_WHAT IS NEEDED_
What lines in the records below mention "Edition"? List them all.
***** MATERIAL FOR THE TASK *****
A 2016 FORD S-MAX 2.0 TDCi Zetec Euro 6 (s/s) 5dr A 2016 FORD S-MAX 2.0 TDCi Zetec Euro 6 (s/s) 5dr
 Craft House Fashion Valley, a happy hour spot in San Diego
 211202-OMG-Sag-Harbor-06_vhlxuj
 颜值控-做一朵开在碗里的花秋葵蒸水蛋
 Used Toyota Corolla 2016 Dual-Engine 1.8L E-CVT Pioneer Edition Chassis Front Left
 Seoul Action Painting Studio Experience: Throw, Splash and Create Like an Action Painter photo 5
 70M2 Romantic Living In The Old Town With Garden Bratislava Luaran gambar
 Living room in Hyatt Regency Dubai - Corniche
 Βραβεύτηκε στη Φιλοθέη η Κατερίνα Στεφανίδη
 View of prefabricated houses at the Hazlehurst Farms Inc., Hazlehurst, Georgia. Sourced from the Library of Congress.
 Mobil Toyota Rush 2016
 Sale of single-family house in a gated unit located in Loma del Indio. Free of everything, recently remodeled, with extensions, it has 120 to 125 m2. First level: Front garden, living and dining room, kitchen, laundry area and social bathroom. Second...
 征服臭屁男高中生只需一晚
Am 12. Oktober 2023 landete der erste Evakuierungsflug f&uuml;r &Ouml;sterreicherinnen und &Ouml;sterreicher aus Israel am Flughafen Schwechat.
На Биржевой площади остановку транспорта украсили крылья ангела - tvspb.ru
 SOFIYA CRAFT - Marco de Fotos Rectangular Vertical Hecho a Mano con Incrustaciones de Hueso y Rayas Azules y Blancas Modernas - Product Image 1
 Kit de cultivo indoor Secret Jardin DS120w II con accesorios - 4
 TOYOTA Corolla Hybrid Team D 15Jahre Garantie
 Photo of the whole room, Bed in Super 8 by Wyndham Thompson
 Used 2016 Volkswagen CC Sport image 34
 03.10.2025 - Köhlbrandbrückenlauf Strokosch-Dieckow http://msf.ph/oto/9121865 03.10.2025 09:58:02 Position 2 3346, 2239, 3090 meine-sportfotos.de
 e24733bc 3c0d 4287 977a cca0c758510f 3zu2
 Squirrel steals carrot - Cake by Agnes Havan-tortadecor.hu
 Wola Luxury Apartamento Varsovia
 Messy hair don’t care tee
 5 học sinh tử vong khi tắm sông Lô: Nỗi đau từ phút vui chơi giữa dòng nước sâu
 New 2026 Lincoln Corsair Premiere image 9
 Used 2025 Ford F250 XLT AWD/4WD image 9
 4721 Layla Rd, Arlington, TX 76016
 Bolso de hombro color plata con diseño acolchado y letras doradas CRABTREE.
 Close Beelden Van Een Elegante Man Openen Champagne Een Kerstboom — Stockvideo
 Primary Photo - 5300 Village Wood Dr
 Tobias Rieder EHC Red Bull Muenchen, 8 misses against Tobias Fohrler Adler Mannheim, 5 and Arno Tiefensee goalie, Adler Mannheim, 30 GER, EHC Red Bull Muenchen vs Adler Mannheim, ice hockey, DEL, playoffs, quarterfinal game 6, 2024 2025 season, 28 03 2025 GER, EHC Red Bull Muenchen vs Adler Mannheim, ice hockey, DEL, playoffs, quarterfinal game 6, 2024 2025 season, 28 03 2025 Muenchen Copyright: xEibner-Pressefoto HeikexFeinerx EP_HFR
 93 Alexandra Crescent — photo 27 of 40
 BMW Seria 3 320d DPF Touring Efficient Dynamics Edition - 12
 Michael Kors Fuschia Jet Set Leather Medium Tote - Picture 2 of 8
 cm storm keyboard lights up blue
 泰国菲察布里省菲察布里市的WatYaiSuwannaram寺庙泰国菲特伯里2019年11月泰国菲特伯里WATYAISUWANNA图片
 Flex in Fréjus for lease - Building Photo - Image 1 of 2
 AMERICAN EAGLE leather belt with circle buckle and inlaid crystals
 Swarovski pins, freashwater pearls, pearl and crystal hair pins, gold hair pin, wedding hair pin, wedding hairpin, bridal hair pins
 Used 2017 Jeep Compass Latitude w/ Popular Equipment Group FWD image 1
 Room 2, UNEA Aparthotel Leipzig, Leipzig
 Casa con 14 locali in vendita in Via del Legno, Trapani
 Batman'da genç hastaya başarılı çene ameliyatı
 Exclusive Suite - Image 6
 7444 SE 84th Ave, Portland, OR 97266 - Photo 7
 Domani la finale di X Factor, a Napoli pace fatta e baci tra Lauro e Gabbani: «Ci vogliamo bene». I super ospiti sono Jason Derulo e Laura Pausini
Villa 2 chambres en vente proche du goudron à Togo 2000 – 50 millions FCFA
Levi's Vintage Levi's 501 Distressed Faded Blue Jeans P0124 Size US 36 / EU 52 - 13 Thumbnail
*****
_SOLVED EXERCISE_
 Used Toyota Corolla 2016 Dual-Engine 1.8L E-CVT Pioneer Edition Chassis Front Left
 BMW Seria 3 320d DPF Touring Efficient Dynamics Edition - 12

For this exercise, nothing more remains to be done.